WHAT THE TASK ASKS: Since pictures are not part of the copy, please output only the lines from the one with "Pink hair ornament, comb, lilac, Fuchsia." through the end of the data below, exactly as written.

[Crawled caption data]
....

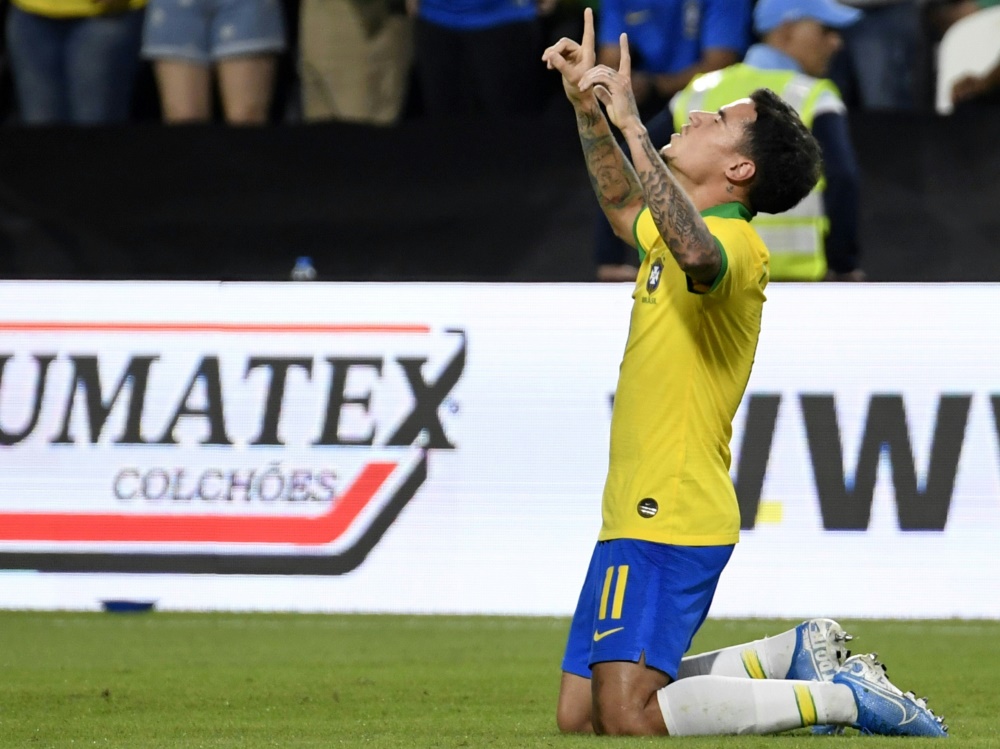 Philippe Coutinho trifft zum Ende des Länderspiel-Jahres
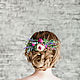 Pink hair ornament, comb, lilac, Fuchsia. Hair Decoration. Svetlana Dobritca 'KEDR'. Online shopping on My Livemaster.  Фото №2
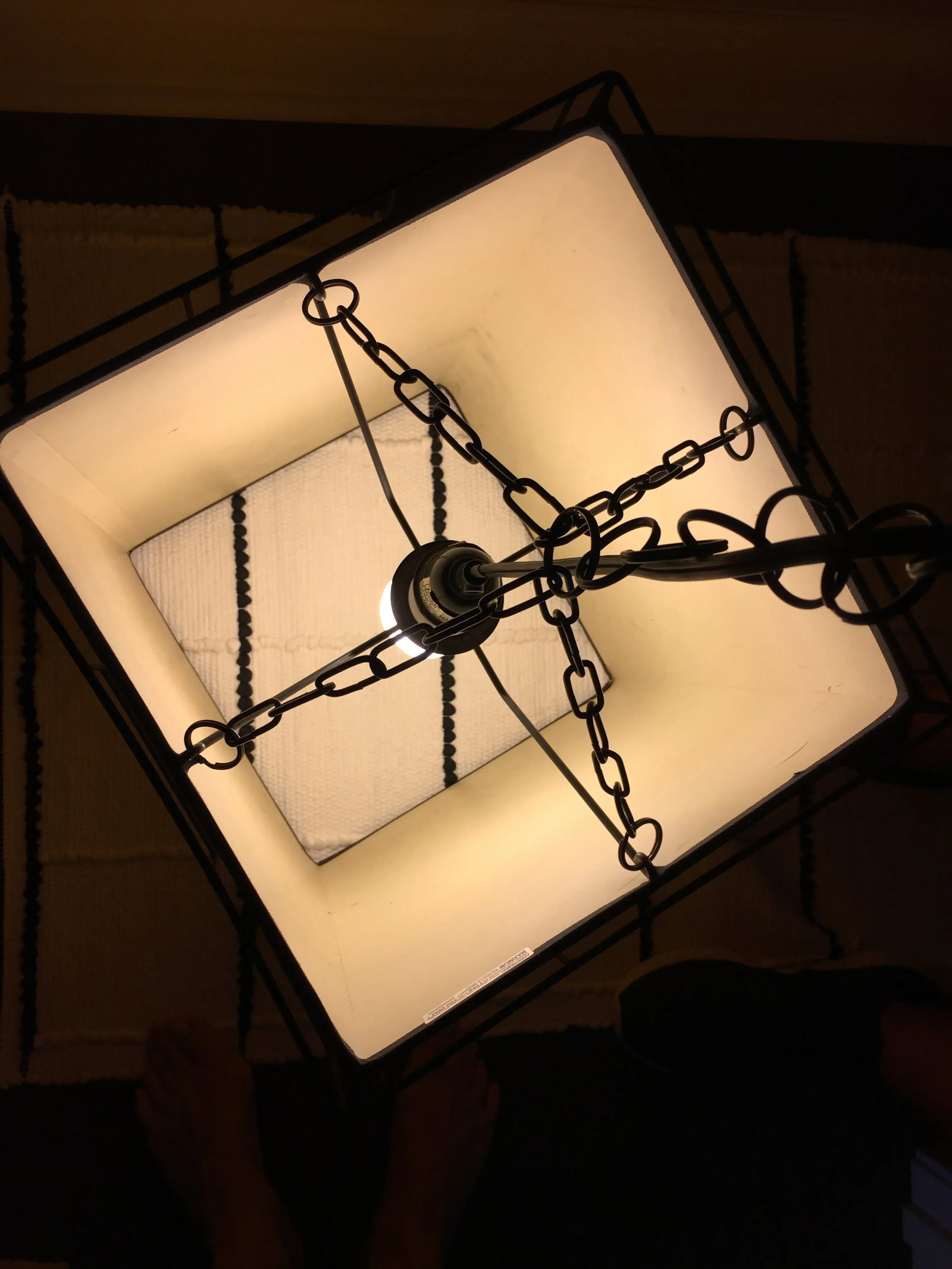 Mid-Century Geometric Light Pendant/Chandelier - 7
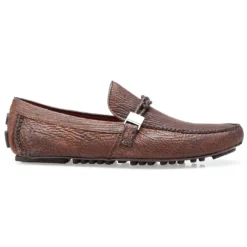 Belvedere "Zante" Tobacco Genuine Shark Loafer Shoes 24V.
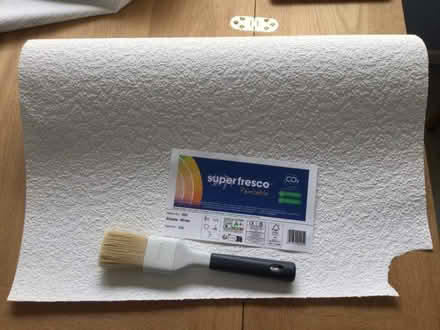 Photo of free nearly full roll of wallpaper (Halton LS15) #1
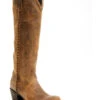 Lane Women's Plain Jane Brown Western Boots - Round Toe 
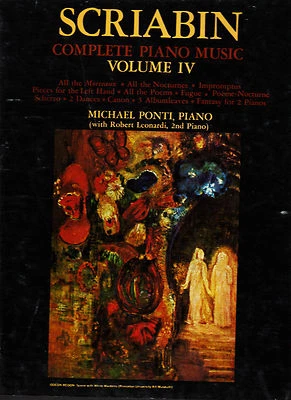 3LP BOX SET-SCRIABIN PIANO MUSIC VOL IV-MICHAEL PONTI-VOX 1974-NOCTURNES/POEMS+F - Image 1 of 2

....

SOLUTION TO THE EXERCISE:
 Pink hair ornament, comb, lilac, Fuchsia. Hair Decoration. Svetlana Dobritca 'KEDR'. Online shopping on My Livemaster.  Фото №2
 Mid-Century Geometric Light Pendant/Chandelier - 7
 Belvedere "Zante" Tobacco Genuine Shark Loafer Shoes 24V.
 Photo of free nearly full roll of wallpaper (Halton LS15) #1
 Lane Women's Plain Jane Brown Western Boots - Round Toe 
 3LP BOX SET-SCRIABIN PIANO MUSIC VOL IV-MICHAEL PONTI-VOX 1974-NOCTURNES/POEMS+F - Image 1 of 2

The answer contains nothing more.